子供の頃からアリクは俺を意識していた訳だし。
……さて、そろそろなんで俺と相席しようと思ったのか訊きたいな。
「それで、俺になんか用ですか?」
「ふふ、当然気になるわよね。まずはお礼を言わないとね。イーリスを完膚なきまでに倒したことを、ね」
「……え、それに関して、ですか?」
自身の学園のスーパールーキーを潰されてお礼って……どういうことだ?
そこは普通だったらブチ切れるところだと思うんだが。少なくともフレイア女学院の教師陣はうちの学園の評判が下がるってプンプンしてるんじゃないのか?

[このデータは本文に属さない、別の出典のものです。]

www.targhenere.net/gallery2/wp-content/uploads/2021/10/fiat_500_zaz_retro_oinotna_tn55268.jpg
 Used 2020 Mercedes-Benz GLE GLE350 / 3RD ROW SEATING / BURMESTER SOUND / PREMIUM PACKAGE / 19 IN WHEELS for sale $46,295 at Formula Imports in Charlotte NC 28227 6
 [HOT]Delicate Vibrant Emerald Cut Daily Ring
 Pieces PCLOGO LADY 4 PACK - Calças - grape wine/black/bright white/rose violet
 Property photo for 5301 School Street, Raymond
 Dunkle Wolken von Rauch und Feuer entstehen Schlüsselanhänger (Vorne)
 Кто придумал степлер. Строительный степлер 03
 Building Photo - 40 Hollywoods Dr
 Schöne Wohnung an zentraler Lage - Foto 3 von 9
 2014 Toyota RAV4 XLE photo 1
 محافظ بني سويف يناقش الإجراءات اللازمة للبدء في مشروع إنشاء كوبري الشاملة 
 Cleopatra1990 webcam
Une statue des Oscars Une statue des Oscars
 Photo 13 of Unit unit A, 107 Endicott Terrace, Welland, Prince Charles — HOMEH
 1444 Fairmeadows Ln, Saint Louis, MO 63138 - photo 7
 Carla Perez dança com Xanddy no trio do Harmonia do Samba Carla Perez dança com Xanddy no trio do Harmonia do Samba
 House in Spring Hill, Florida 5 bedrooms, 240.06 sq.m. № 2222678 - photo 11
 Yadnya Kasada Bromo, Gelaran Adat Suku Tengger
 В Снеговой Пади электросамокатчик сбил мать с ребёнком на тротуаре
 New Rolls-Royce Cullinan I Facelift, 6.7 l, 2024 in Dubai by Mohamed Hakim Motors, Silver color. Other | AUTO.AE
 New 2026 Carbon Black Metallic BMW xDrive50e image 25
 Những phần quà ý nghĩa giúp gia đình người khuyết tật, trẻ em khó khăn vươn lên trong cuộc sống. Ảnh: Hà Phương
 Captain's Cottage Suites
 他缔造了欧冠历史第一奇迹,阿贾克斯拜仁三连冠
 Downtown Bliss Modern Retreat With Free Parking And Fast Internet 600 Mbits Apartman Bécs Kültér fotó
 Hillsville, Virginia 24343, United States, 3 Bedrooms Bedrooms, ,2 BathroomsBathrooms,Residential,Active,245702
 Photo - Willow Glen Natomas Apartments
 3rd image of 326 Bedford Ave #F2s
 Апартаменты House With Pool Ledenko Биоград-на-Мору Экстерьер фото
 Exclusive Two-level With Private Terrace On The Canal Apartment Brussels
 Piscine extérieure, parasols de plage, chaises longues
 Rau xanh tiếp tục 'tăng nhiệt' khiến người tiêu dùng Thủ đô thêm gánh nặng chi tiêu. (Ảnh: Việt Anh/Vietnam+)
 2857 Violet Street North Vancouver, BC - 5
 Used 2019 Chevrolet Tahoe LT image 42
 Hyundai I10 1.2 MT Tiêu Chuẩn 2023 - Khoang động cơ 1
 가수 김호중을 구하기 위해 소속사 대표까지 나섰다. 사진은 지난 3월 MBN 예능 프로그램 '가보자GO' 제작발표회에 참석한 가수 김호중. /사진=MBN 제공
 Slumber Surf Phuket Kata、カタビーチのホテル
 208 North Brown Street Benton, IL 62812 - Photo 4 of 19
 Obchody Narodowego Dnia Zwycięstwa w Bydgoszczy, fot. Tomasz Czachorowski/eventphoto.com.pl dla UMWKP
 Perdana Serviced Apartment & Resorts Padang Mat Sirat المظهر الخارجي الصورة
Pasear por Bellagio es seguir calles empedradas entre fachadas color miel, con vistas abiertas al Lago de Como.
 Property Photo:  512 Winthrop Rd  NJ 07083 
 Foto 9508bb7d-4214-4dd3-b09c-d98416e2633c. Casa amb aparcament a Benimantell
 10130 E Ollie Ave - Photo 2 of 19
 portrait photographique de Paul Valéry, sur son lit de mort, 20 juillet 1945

「そうよ。あの子は水と風、そして特に氷魔法に関しては才に満ち溢れている。でも、学園に入ってからはその実力故に少し驕りがあった。同学年の子ではあの子の横に立てる生徒はいない」
でしょうね。魔法アビリティに関してはマジで本人の才と努力が丁度良く重なり、他の人が見上げる位置まで既に上っている。
でも、同じ学院内に勝てない相手はいるだろ。
「確かにあそこまで魔法アビリティが熟達している一年生はそうそういないでしょう。けどラージュさんなら絶対に勝てますよね」
「……その根拠は?」
「アリクなら絶対に勝てます。そしてそんなアリクと超良い勝負をしていたラージュさんなら勝てると」
確かにあそこまで無詠唱を使えているのは真面目に凄いと思うが、それでも三年生ならあれに対処出来る人はそこそこいる筈だ。
「そうね。確かに勝てるわ。事実、一対一の勝負で勝っている……でも、その相手が私では意味無いのよ」
? なんでだよ。天狗になっている鼻を折るには十分な結果だと思うが。